→ **Aim of the task**:
Please write out exactly the lines from the one with "samsung watch macys" through the end of the data below, both ends included, and omit any pictures.

→ **Input material**:
= = = = = = =
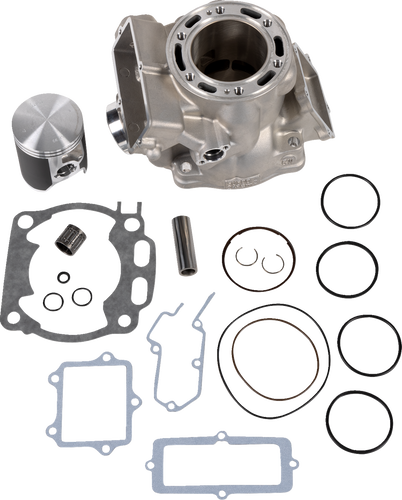 Cylinder Kit - Standard Bore - 66.40 mm - Yamaha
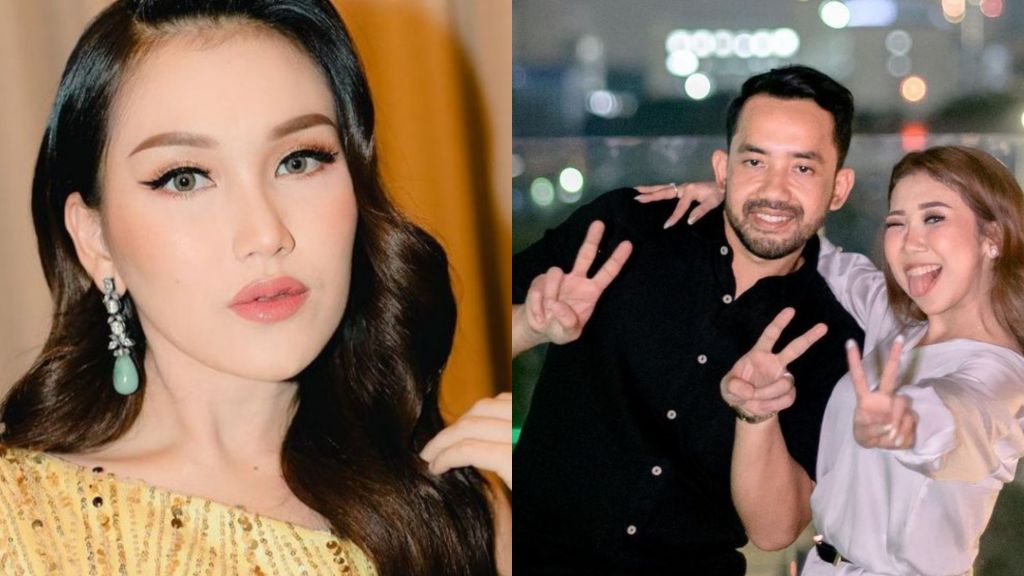 Biar Dapet Suami, Ayu Ting Ting Minta Diajari Kiky Saputri Main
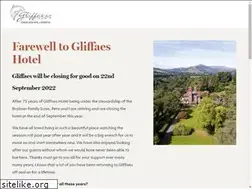 Sites similar to gliffaeshotel.com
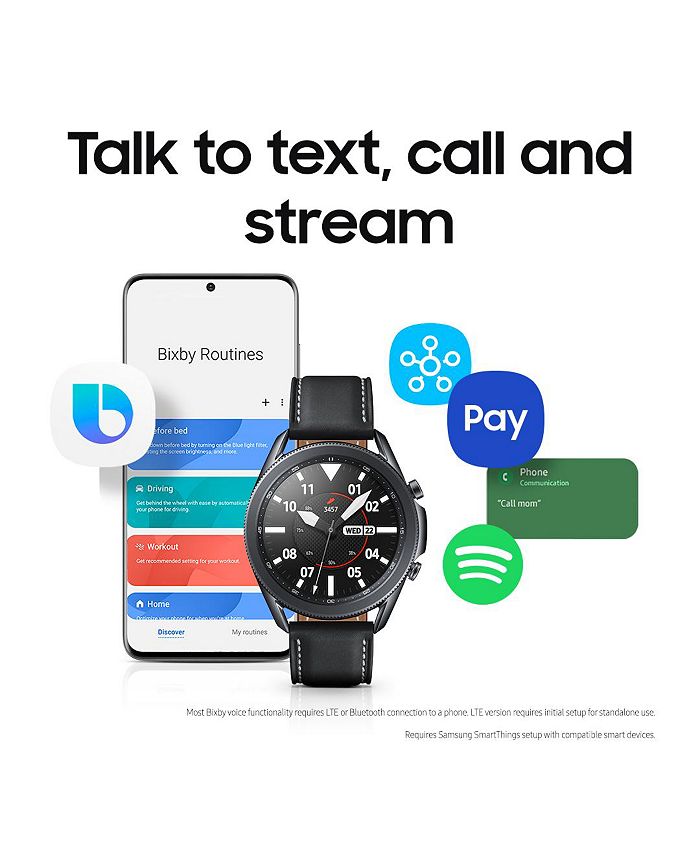 samsung watch macys
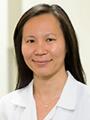 Photo: Dr. Carrie Luu, MD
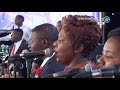 MAI KUVHEYA - MWARI MURI ZUVA REDU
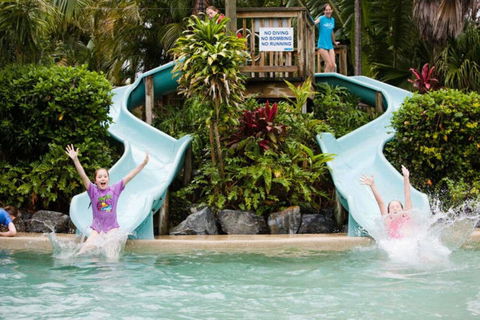 NRMA Darlington Beach Holiday Resort - Accommodation Nelson Bay 5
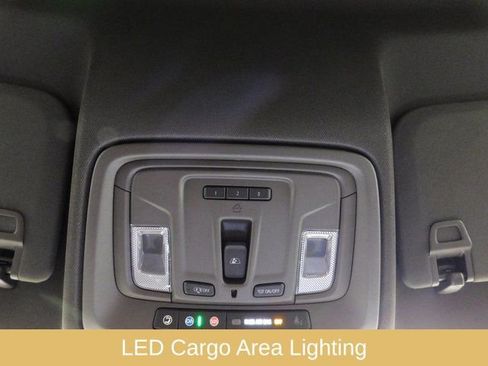 Used 2023 GMC Sierra 1500 SLT w/ SLT Premium Plus Package image 48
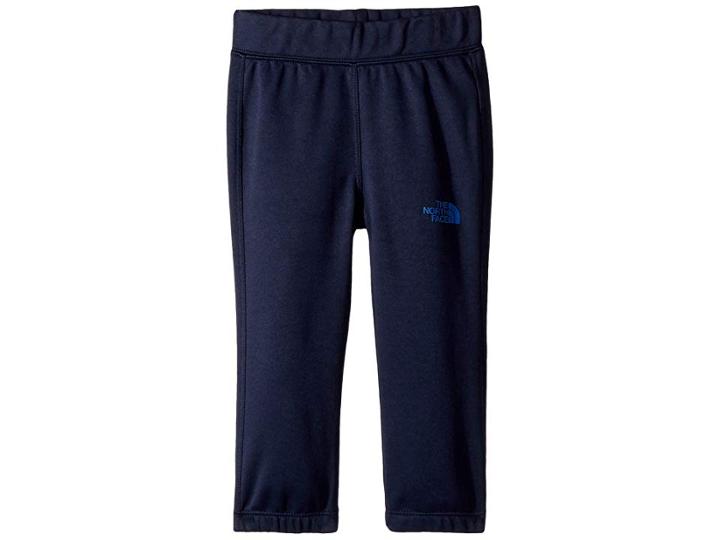 The North Face Kids Surgent Pants (infant) (cosmic Blue) Kid's Casual Pants
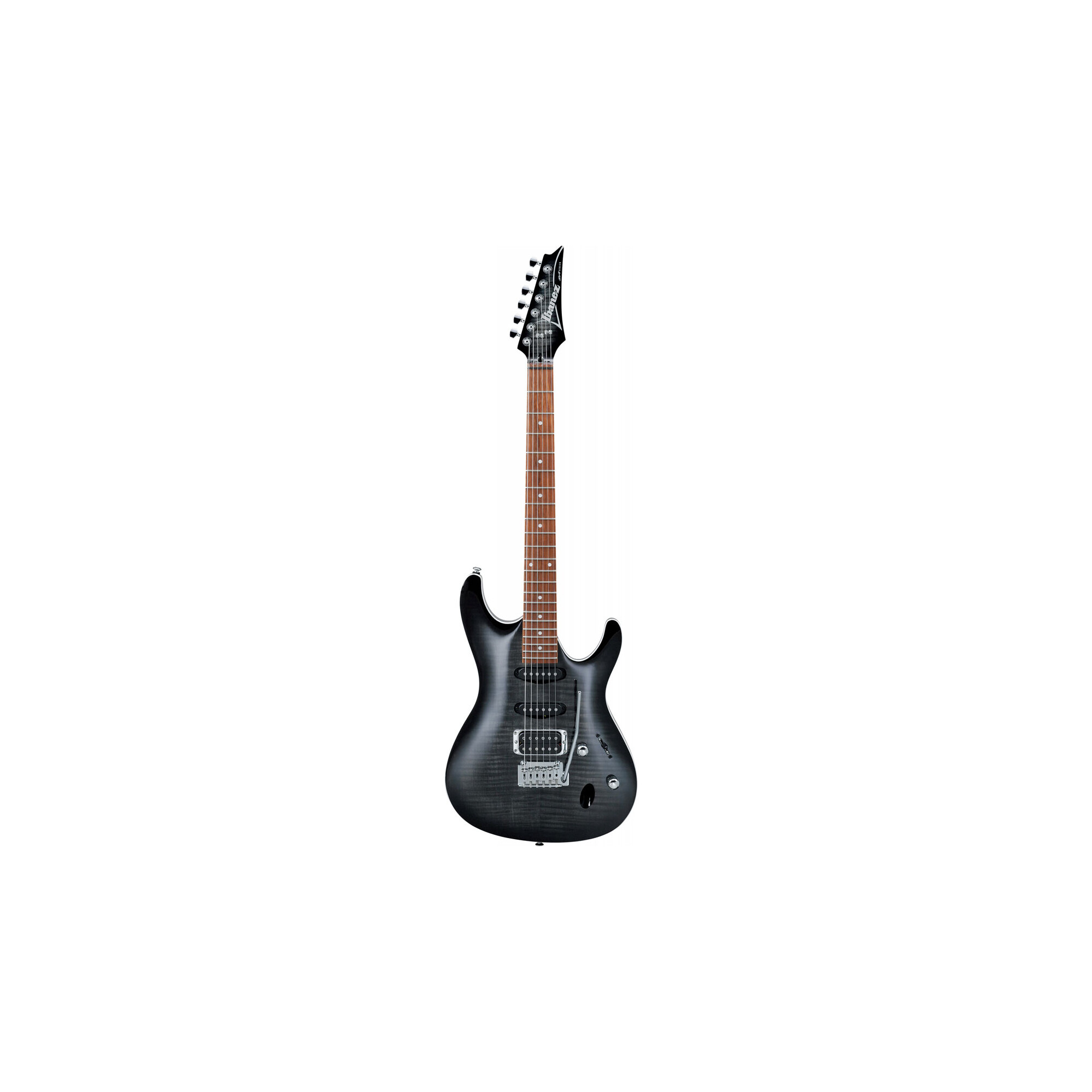 Ibanez SA260FM TGB Transparent Grey Burst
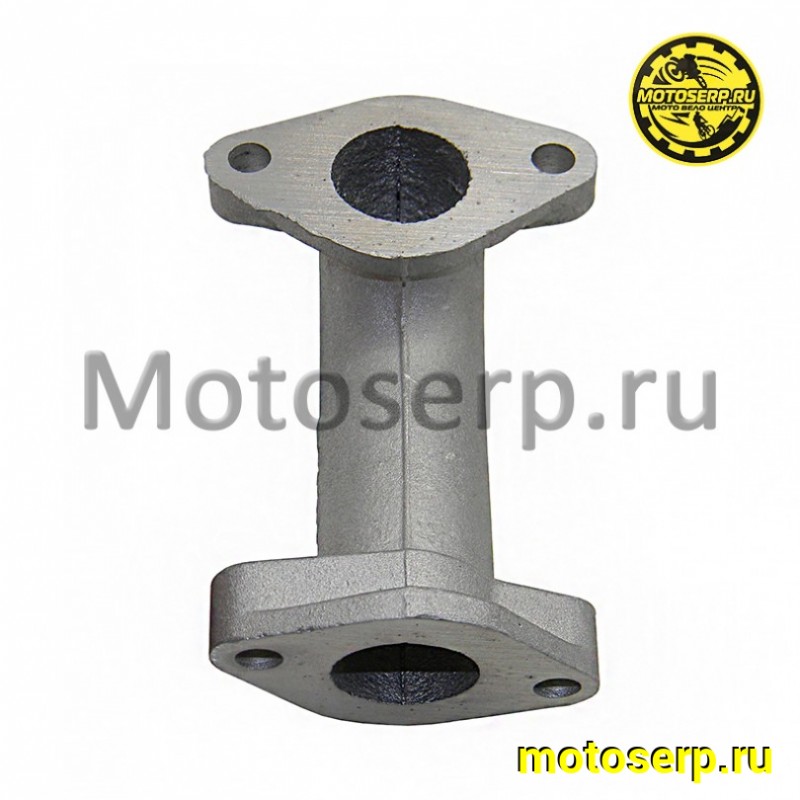Купить  Коллектор (патрубок) впускн 152FMH d-22mm 110сс (шт) (0 купить с доставкой по Москве и России, цена, технические характеристики, комплектация фото  - motoserp.ru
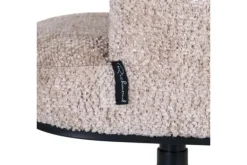 Hot Eetkamerstoel 212573 Lovely Beige Cheyenne Eetkamerstoelen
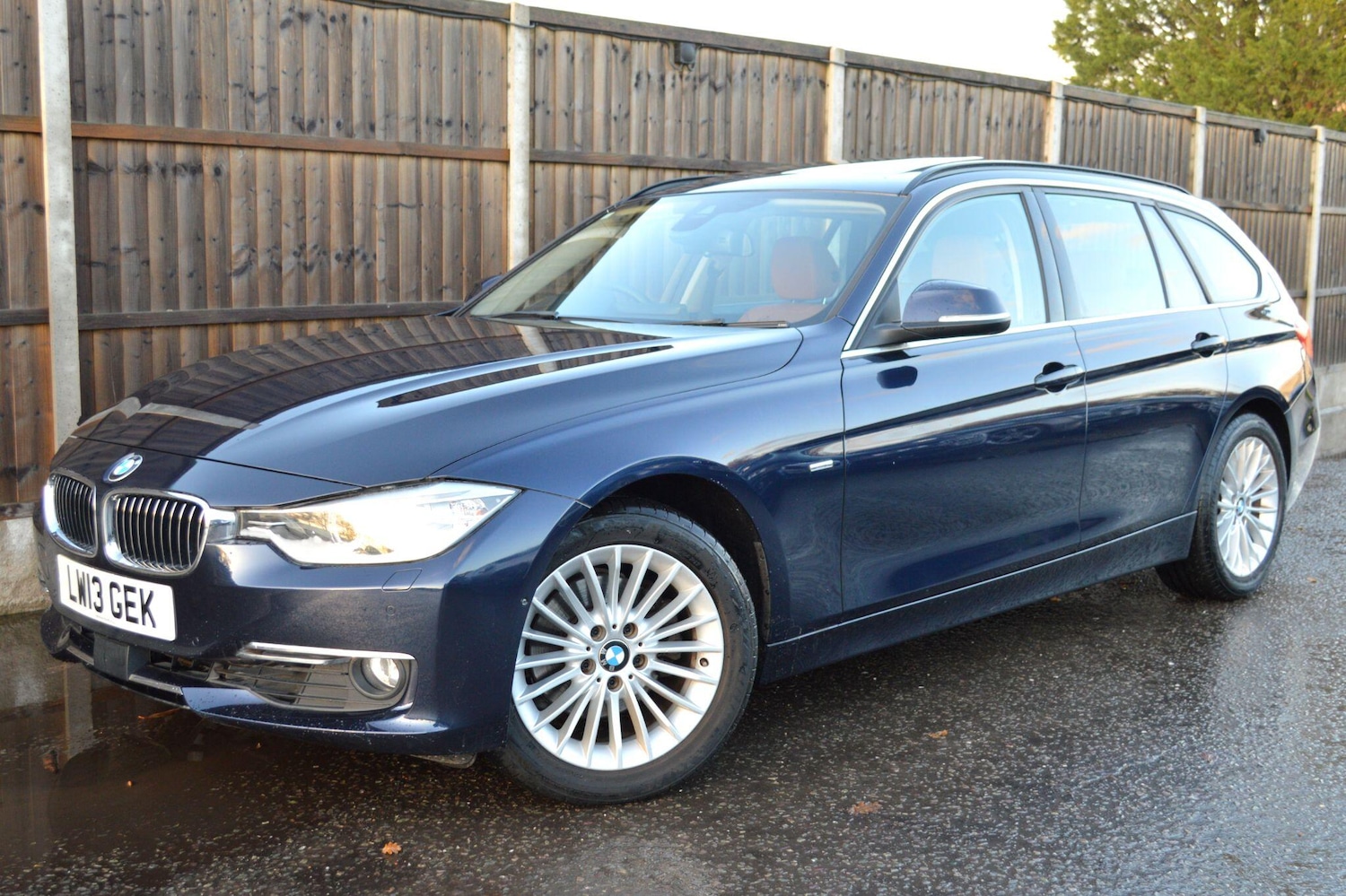 Used BMW 3 Series for sale - 76839527: Photo 33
= = = = = = =
→ **Exercise response**:
 samsung watch macys
 Photo: Dr. Carrie Luu, MD
 MAI KUVHEYA - MWARI MURI ZUVA REDU
 NRMA Darlington Beach Holiday Resort - Accommodation Nelson Bay 5
 Used 2023 GMC Sierra 1500 SLT w/ SLT Premium Plus Package image 48
 The North Face Kids Surgent Pants (infant) (cosmic Blue) Kid's Casual Pants
 Ibanez SA260FM TGB Transparent Grey Burst
Купить  Коллектор (патрубок) впускн 152FMH d-22mm 110сс (шт) (0 купить с доставкой по Москве и России, цена, технические характеристики, комплектация фото  - motoserp.ru
 Hot Eetkamerstoel 212573 Lovely Beige Cheyenne Eetkamerstoelen
 Used BMW 3 Series for sale - 76839527: Photo 33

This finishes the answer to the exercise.